There are two functions that make bar graphs: geom_bar and geom_col. Recall that a bar chart is used to show counts or proportions of levels within a categorical variable. In Chapter 5, a bar chart was used to show the counts and proportions of graduate majors defined as having either high or low unemployment. The table below shows a few rows and variables from the data. Note that these data are disaggregated with respect to the count of majors belonging to high or low unemployment. That is, we need our bar chart to count the number of rows with “high” and “low” in the unemp_cat column. In this case, we should use geom_bar.

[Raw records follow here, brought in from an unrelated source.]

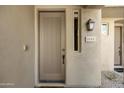 Close up of the front door featuring a craftsman style door, lantern fixture, and address plaque at 19475 N Grayhawk Dr # 2132, Scottsdale, AZ 85255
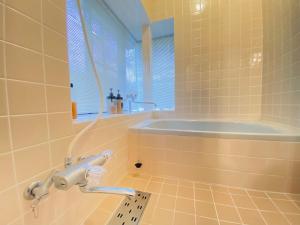 a bathroom with a bath tub and a sink at 花の街660 Tsumagoi Private House with Parking & BBQ in Tsumagoi +36 photos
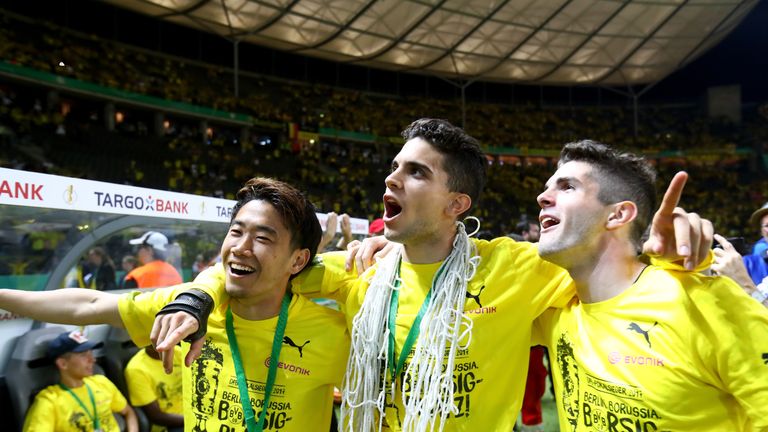 Shinji Kagawa, Marc Bartra and Christian Pulisic (L-R) celebrate after winning the DFB Cup final match between Eintracht Frankfurt and Borussia Dortmund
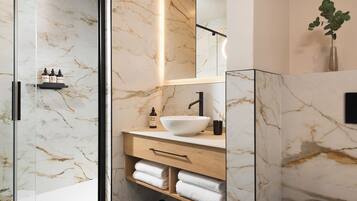 Apartment, 2 Bedrooms | Bathroom | Shower, free toiletries, hair dryer, towels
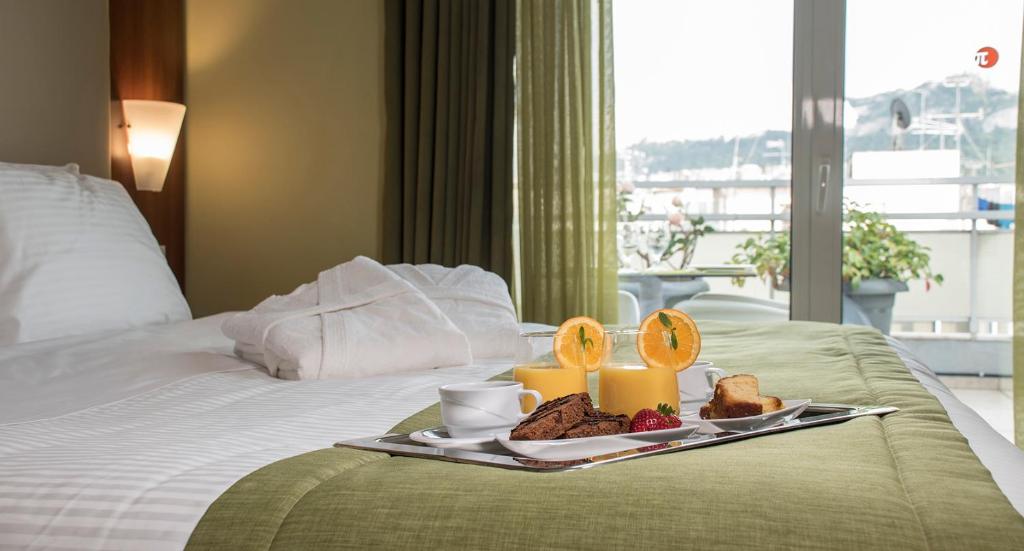 Postel nebo postele na pokoji v ubytování Polis Grand Hotel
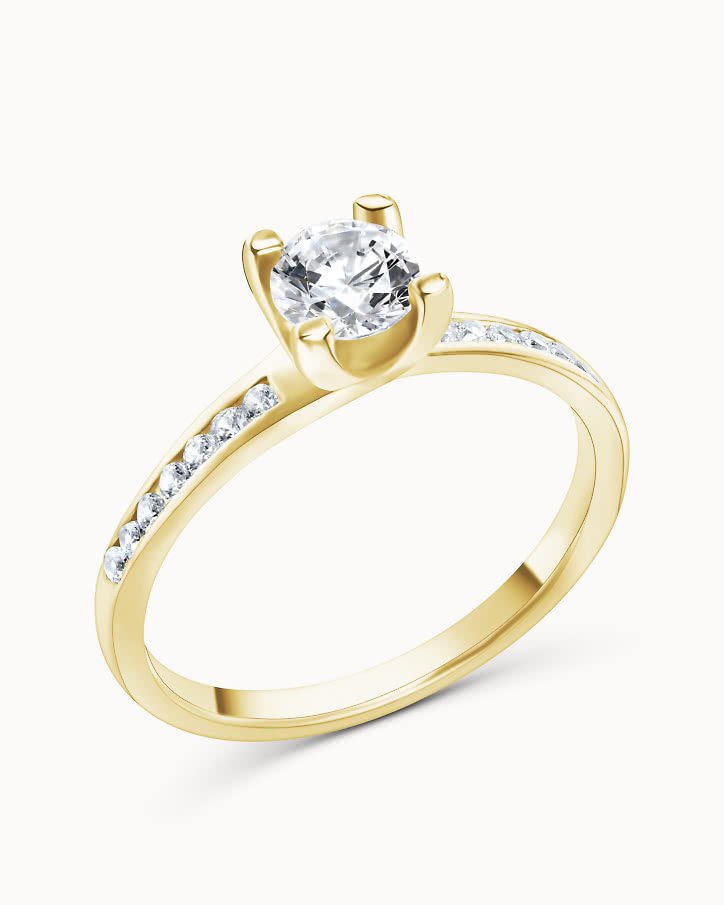 Side stone ring in 18K gold with a 0.5-carat center diamond from VANBRUUN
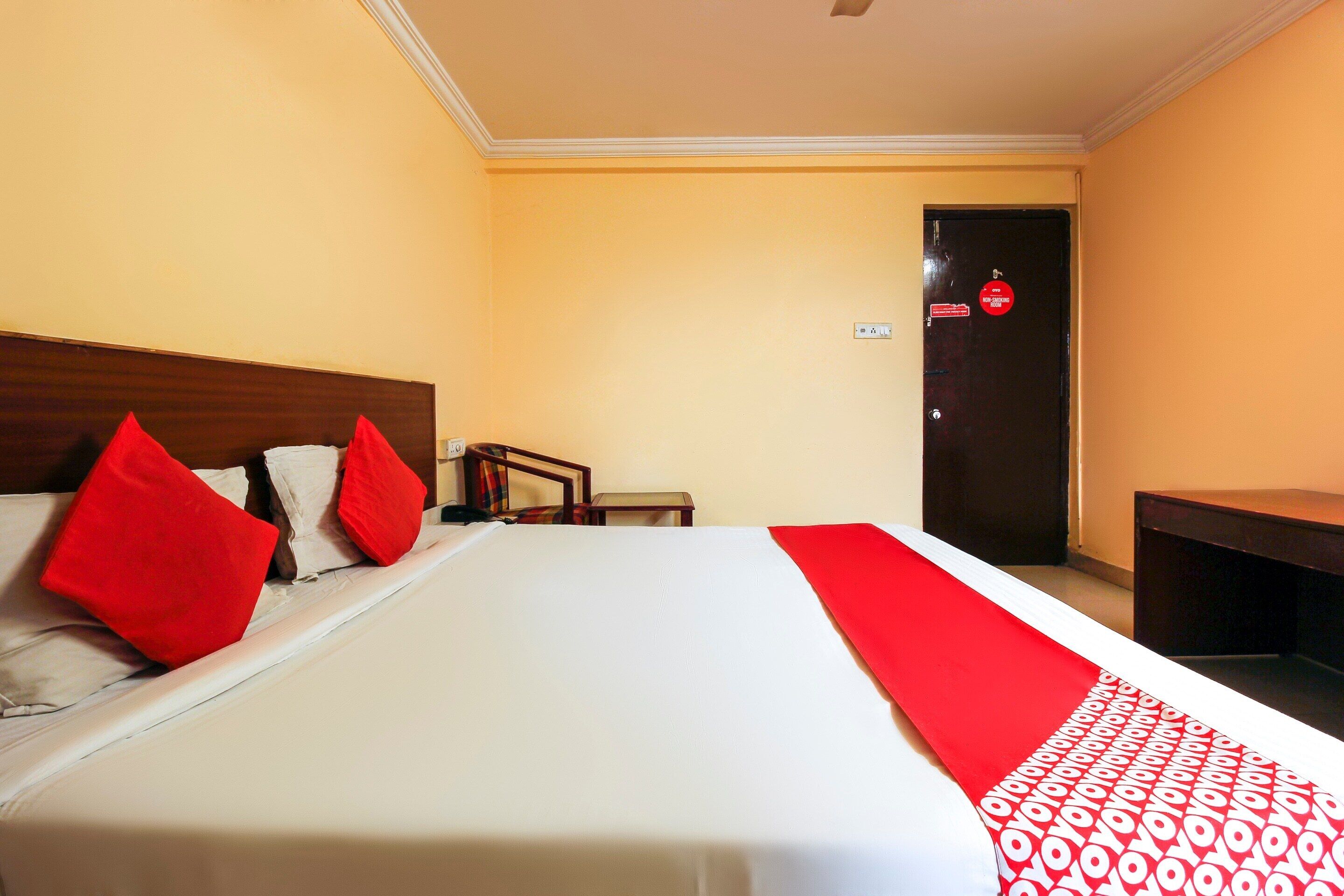 A hotel room with a bed, pillows, a bedside table, a chair, and a door with a non-smoking sign.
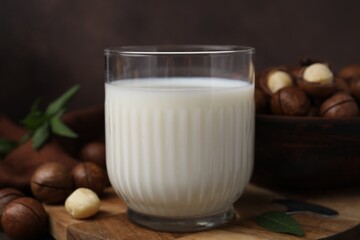 Glass of macadamia milk and nuts on wooden table, closeup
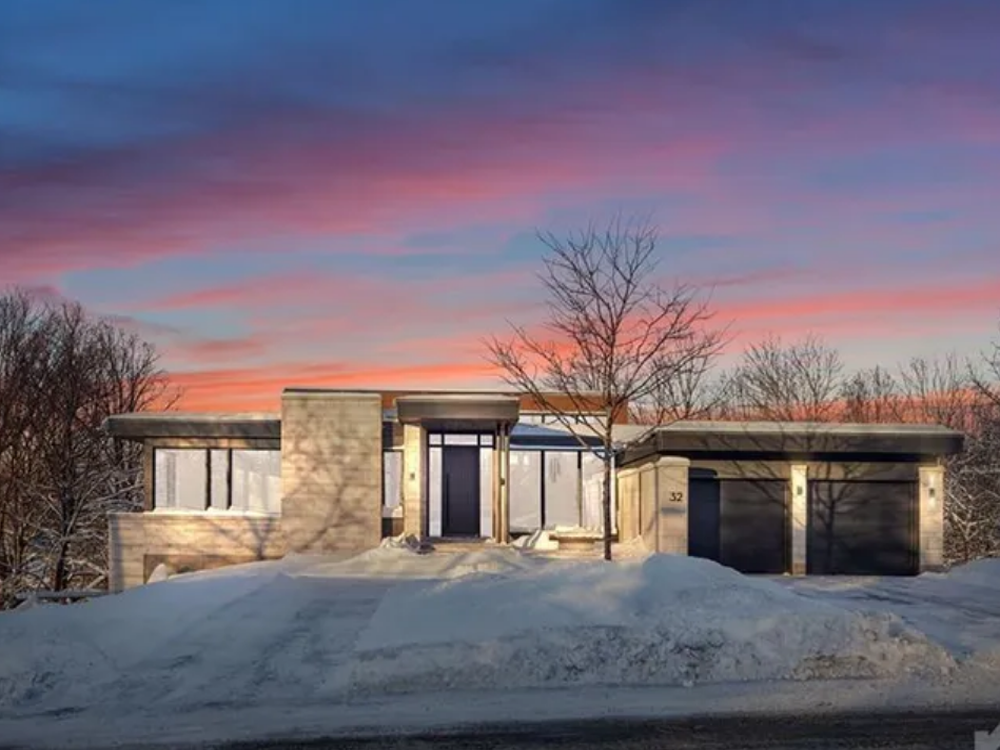 32 Clovelly Road, Ottawa — spacious detached home with brick and siding exterior, front porch, and mature landscaping in a quiet neighborhood.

major grad_total grad_unemployment_rate unemp_cat grad_median
Public Administration 42661 0.059 high 75000
Political Science And Government 695725 0.039 low 92000
International Relations 69355 0.045 low 86000
Public Policy 15284 0.031 low 89000

Below is the code used to generate the side-by-side or dodged bar chart from Chapter 5. Note the use of geom_bar, which requires either an x or y aesthetic to be defined. Here, I assign the categorical variable unemp_cat to the x aesthetic, making the bar chart vertical. Assigning it to the y aesthetic would make the bar chart horizontal. Again, all the code past geom_bar is optional.

ggplot(gradschool, aes(x = unemp_cat)) +
  geom_bar(fill = 'steelblue') +
  labs(y = 'Count of degrees') +
  theme_classic() +
  theme(axis.line.x = element_blank(),
        axis.ticks.x = element_blank(),
        axis.title.x = element_blank())

Here is what the bar chart looks like without the optional code.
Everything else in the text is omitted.